My next favourite thing was how cozy so much of this book felt. As I said, there are strong friendships between both Pitt and Wilberforce, and Robespierre and Desmoulins, and a lot of the plot is not action, not adventure, but people in sitting rooms planning for a better future while making in-jokes, or standing up in Parliament trying to push forward incremental changes. It’s gentle and drifts in unexpected directions, but there’s a lovely dark undercurrent of knowing that everyone’s going to either see their hopes dashed or succeed in the worst possible way. (That’s not really a spoiler. After all, the Reign of Terror happened.)
And that’s the third thing I liked, the way Parry steadily builds up the tension and can turn from hope, beauty, and emotional highs to despair, horror, and mental screaming in the space of a paragraph. Often for the same event from different points of view, or a fact or character being shown in new context. This is an emotional roller coaster on par with the Daevabad trilogy and I’m okay with that.

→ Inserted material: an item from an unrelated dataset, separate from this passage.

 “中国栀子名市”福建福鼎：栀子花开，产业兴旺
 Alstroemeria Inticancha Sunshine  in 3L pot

Do I have a least favourite thing? Besides how this story isn’t over and I don’t know when the next book is coming? I’m not sure. Maybe the gentle parts went on too long in a couple places. Maybe some of the scenes didn’t flow as well into each others as they might have. Small things, anyway. Things that haven’t stuck two months later.

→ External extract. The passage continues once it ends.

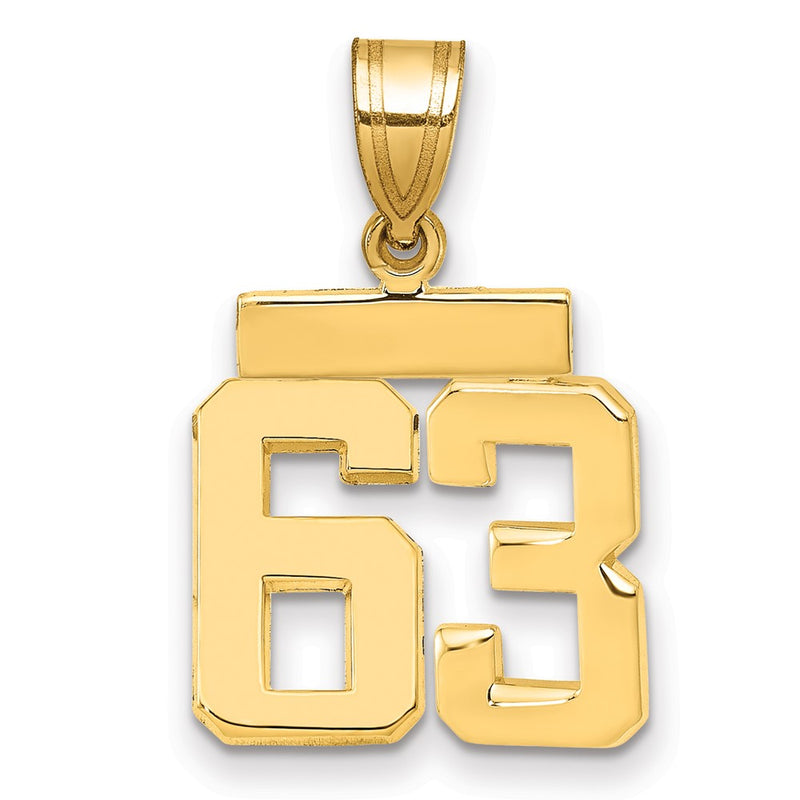 14k Yellow Gold Small Polished Number 63 Charm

So yeah, I really liked this book! It does everything I want in a novel—great character, world, plot, twists, writing—and it entertains while doing so. Oh, and I found myself googling the historical figures afterwards to learn more, which is not something that happens often. I’m not sure it’s going to stand the test of time, not like some fantasies I’ve read, but that doesn’t mean I don’t think it’s excellent and more people need to read it.
To bear in mind: A good chunk of the book is devoted to the French Reign of Terror, which means a lot of people are brutally executed by a totalitarian state on the page. Another POV involves an enslaved woman on a plantation, which isn’t as graphically depicted but is still awful.